[Material for the task — start]

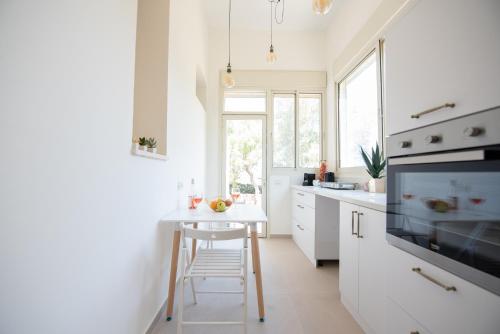 Virtuve vai virtuves zona naktsmītnē PORT CITY HAIFA - SEA FRONT Luxury Apartments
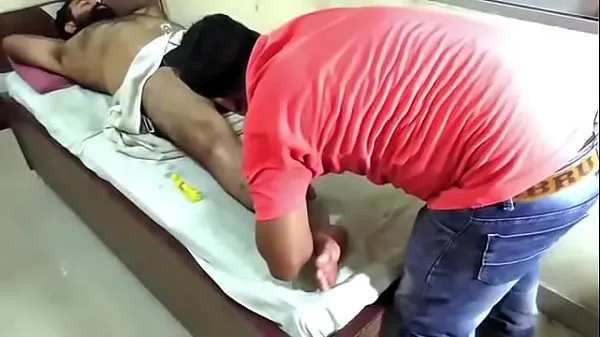 Novo indiano peludo recebendo massagem tubo total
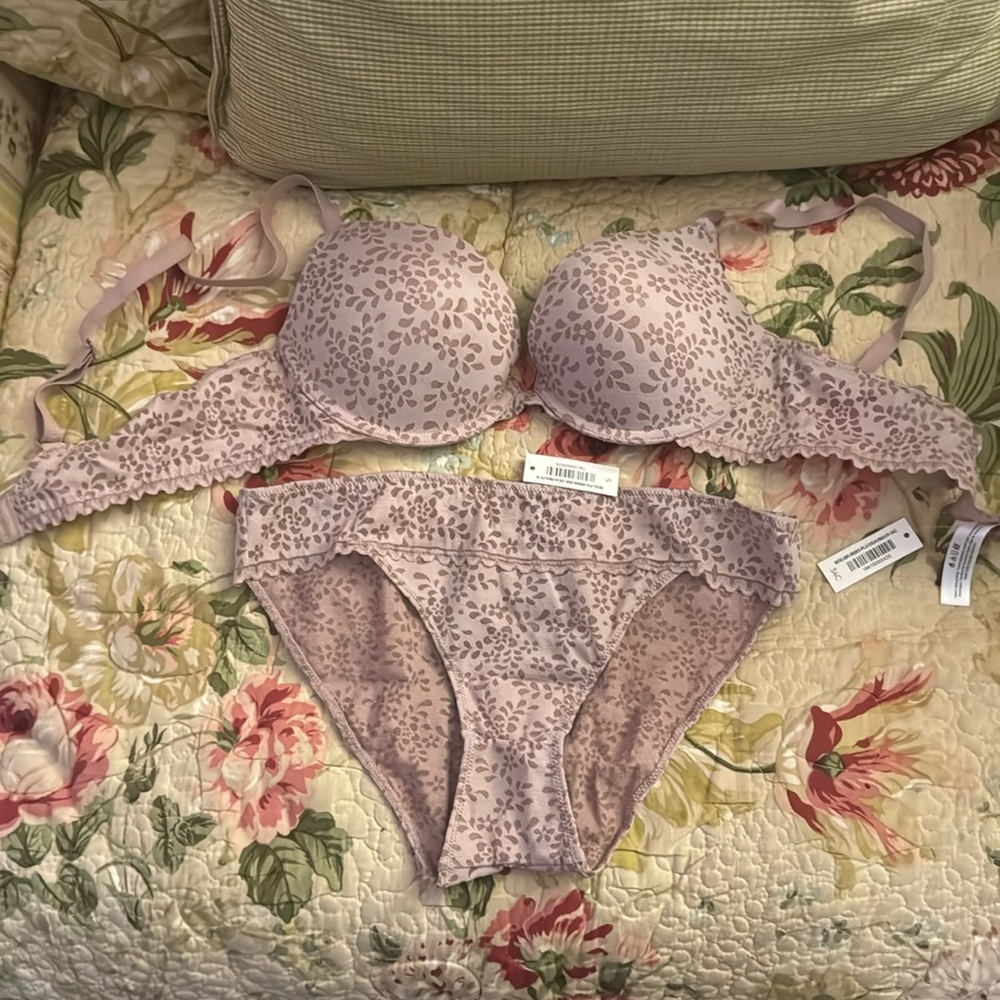 Adoreme Bra & Panty Set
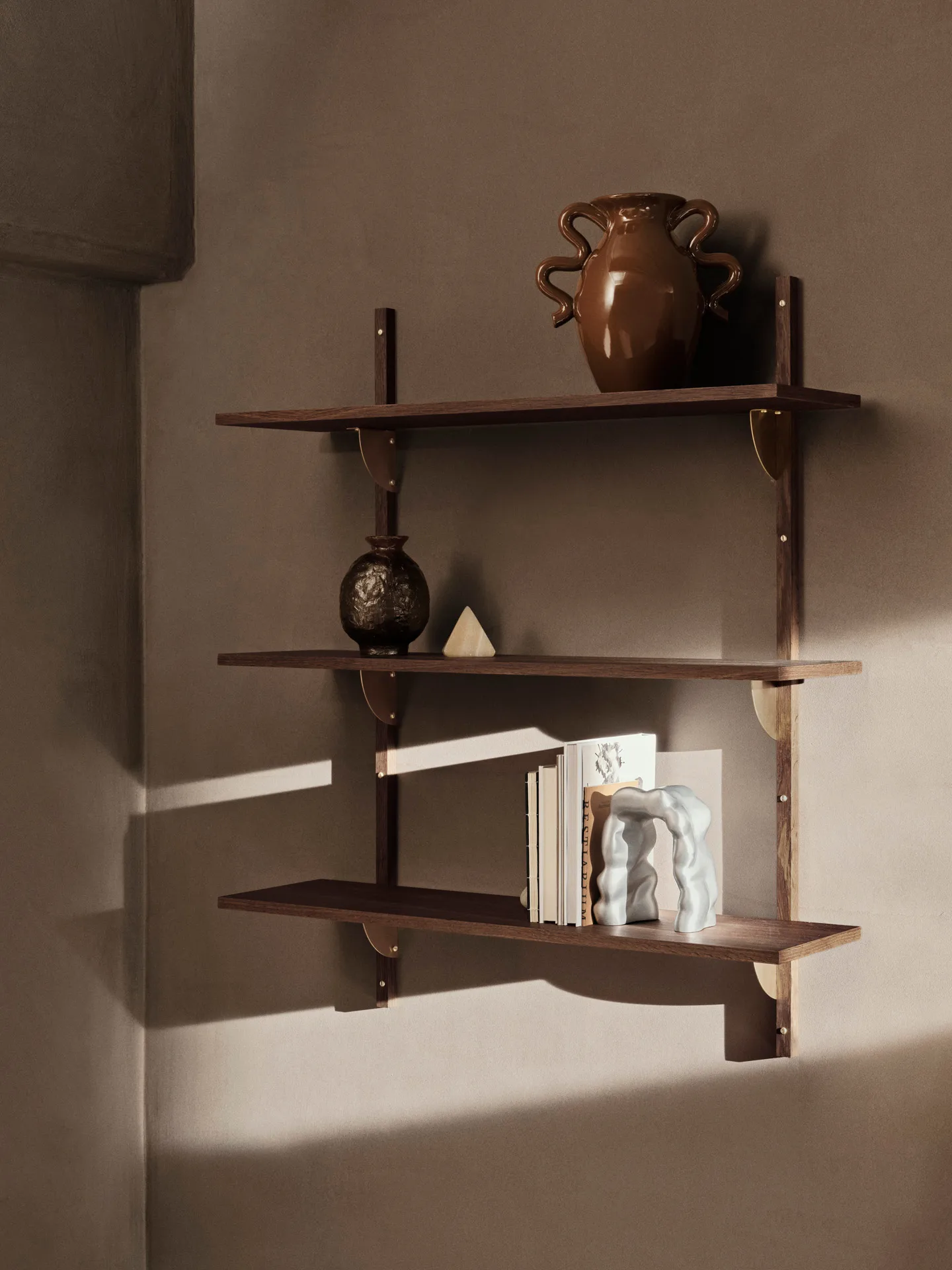 Sector Wandregal triple wide, Smoked Oak, brass Ferm Living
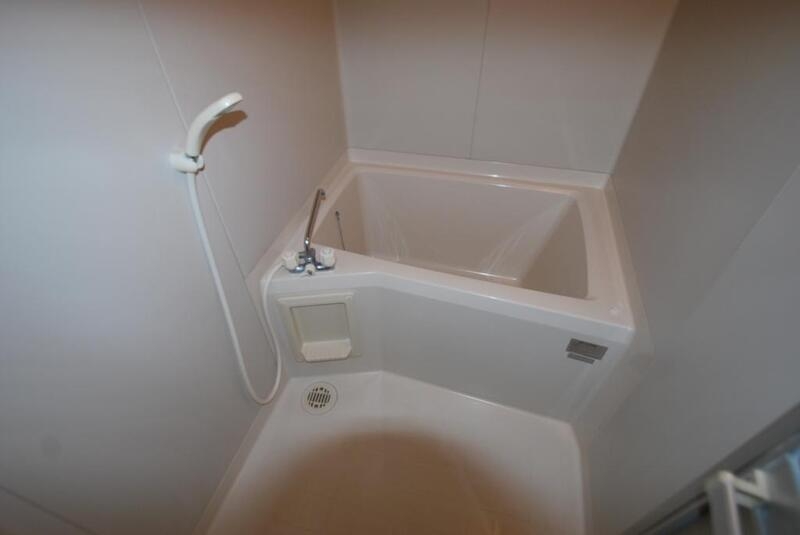 バス・シャワールーム　広々浴槽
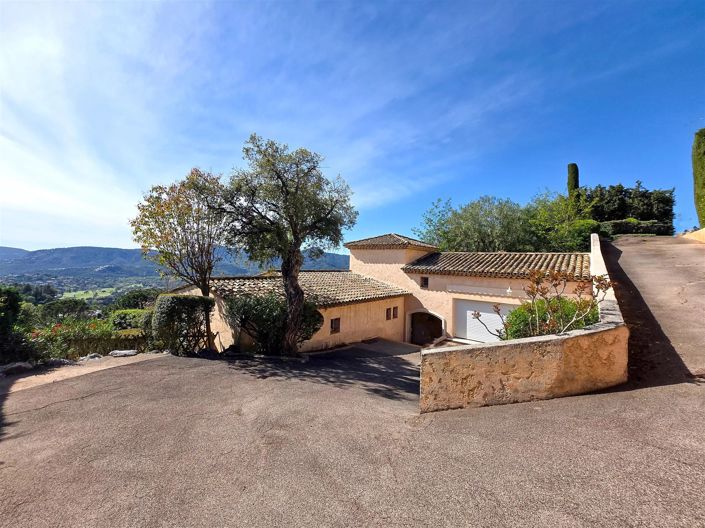 Image No.6-5 Bed House for sale
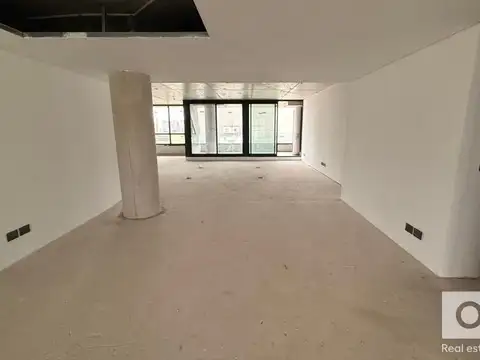 Oficina en Venta al Este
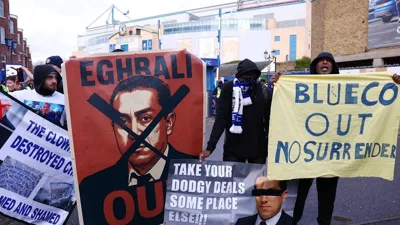 Torcida do Chelsea leva 'BlueCo Out' para Wembley num protesto sem precedentes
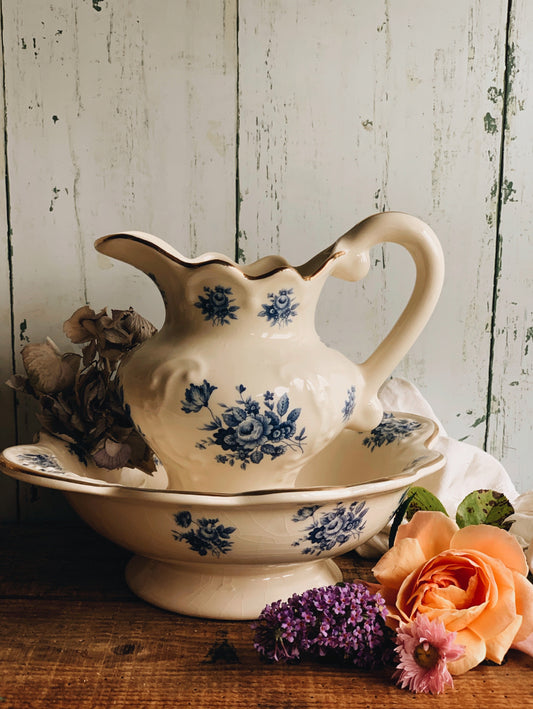 Antique Blue Floral Jug & Bowl (UK SHIPPING ONLY)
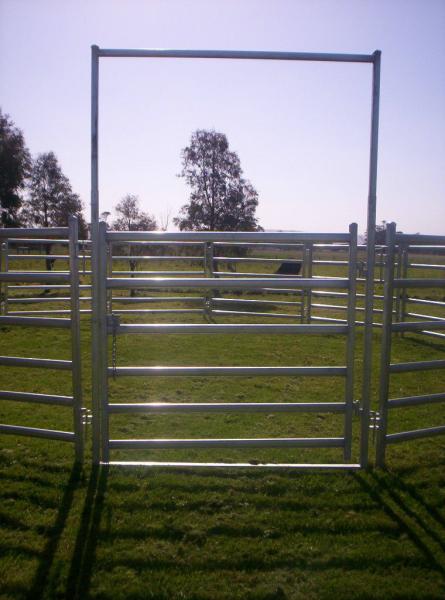 Buy cheap 18 Round Corral Panels HEAVY Duty Outdoor Animal Enclosure with Gate from wholesalers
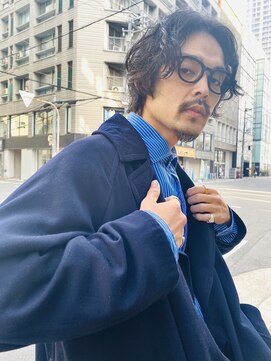 メーヴェ(Mowen) mowen 南堀江　メンズ　ウルフ　センターパート　メンズパーマ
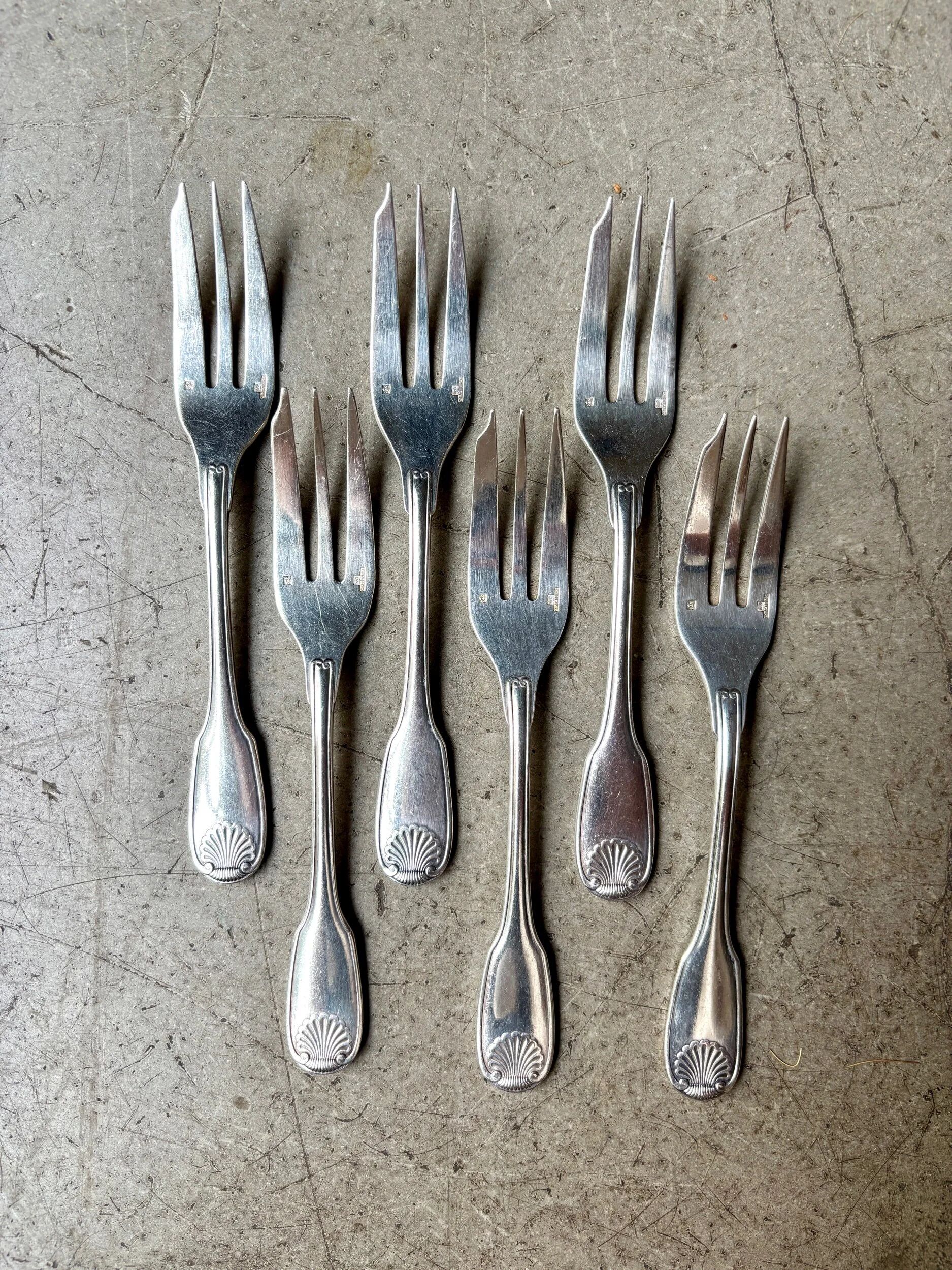 6 dessert forks, Christofle pie in silver-plated metal, shell decoration.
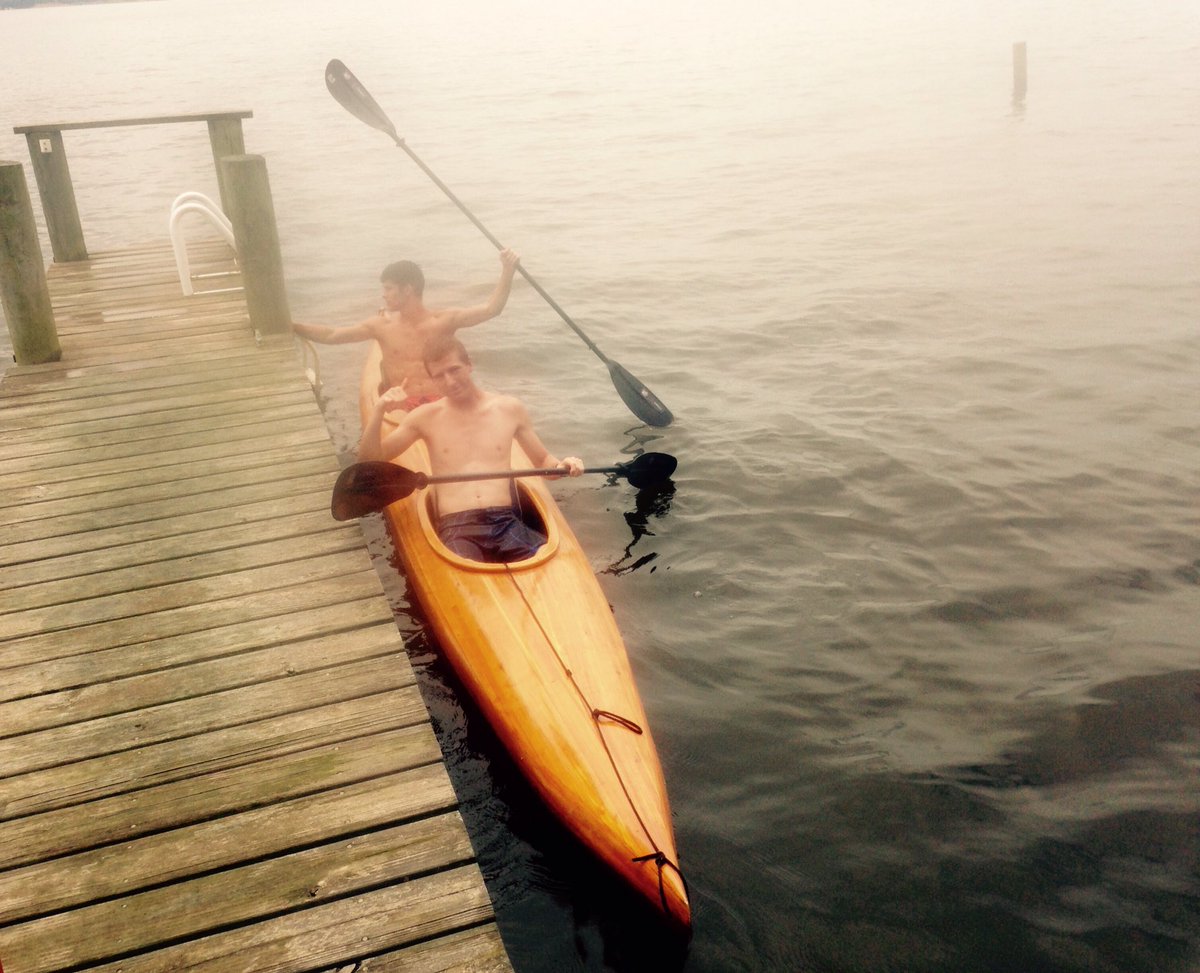 cobychambliss's tweet photo. Throw back to @madisonc83 coming to visit. Seriously missing summer. https://t.co/0J7UeVOsEu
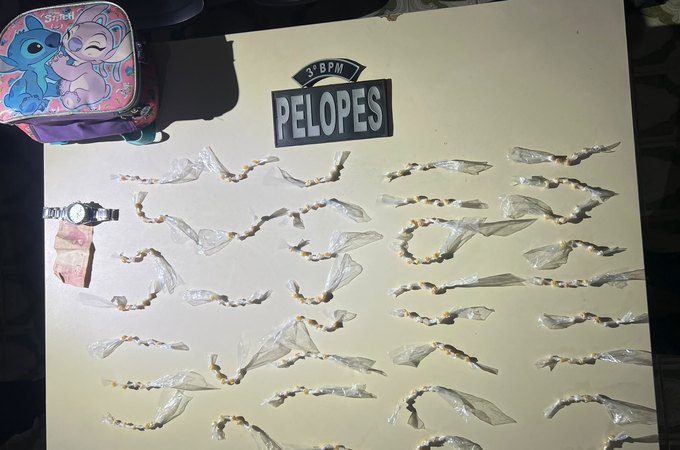 Dois adolescentes de 16 anos são apreendidos após PM encontrar pedras de crack em mochila infantil, em Arapiraca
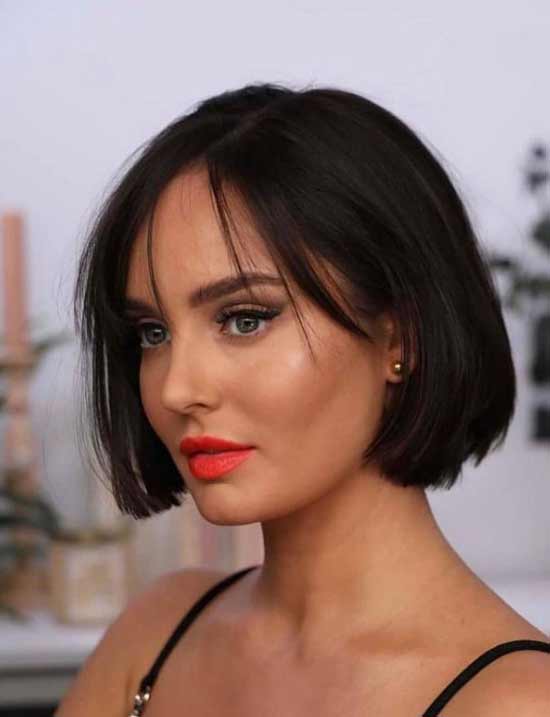 Bob moyen avec une frange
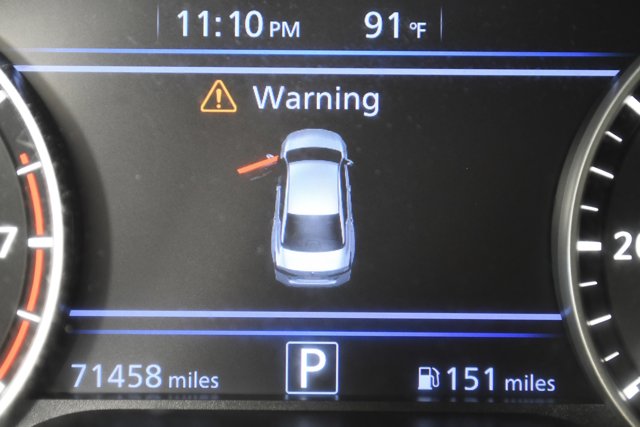 Vehicle image 12 of 32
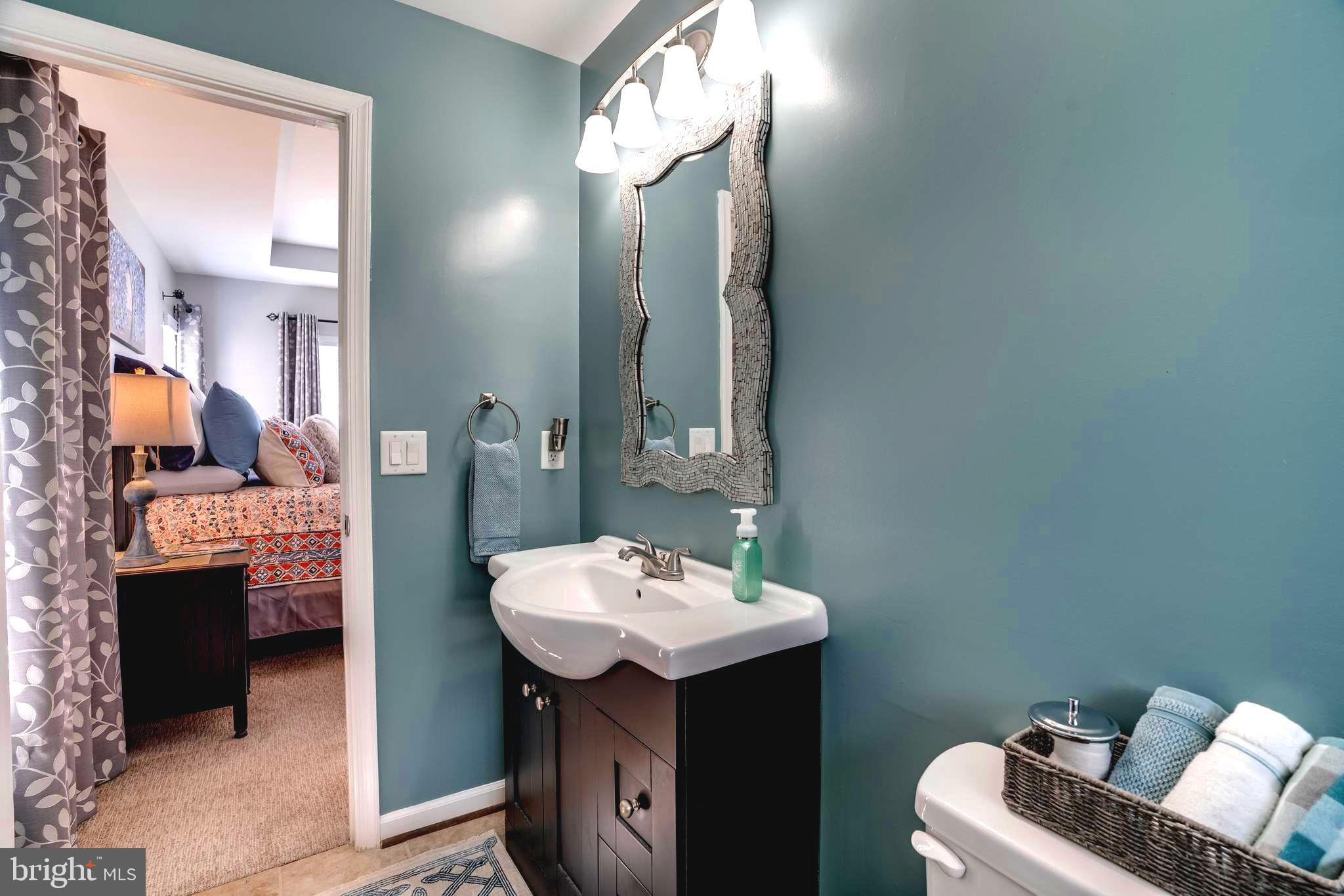 CHELSEA COURTS - Residential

[Material for the task — finish]

■ **Your objective**
The range runs from the line containing "バス・シャワールーム　広々浴槽" through the end of the entries; print those lines exactly and leave the pictures out.

■ **Solution to this task**
 バス・シャワールーム　広々浴槽
 Image No.6-5 Bed House for sale
 Oficina en Venta al Este
 Torcida do Chelsea leva 'BlueCo Out' para Wembley num protesto sem precedentes
 Antique Blue Floral Jug & Bowl (UK SHIPPING ONLY)
 Buy cheap 18 Round Corral Panels HEAVY Duty Outdoor Animal Enclosure with Gate from wholesalers
 メーヴェ(Mowen) mowen 南堀江　メンズ　ウルフ　センターパート　メンズパーマ
 6 dessert forks, Christofle pie in silver-plated metal, shell decoration.
 cobychambliss's tweet photo. Throw back to @madisonc83 coming to visit. Seriously missing summer. https://t.co/0J7UeVOsEu
 Dois adolescentes de 16 anos são apreendidos após PM encontrar pedras de crack em mochila infantil, em Arapiraca
 Bob moyen avec une frange
 Vehicle image 12 of 32
 CHELSEA COURTS - Residential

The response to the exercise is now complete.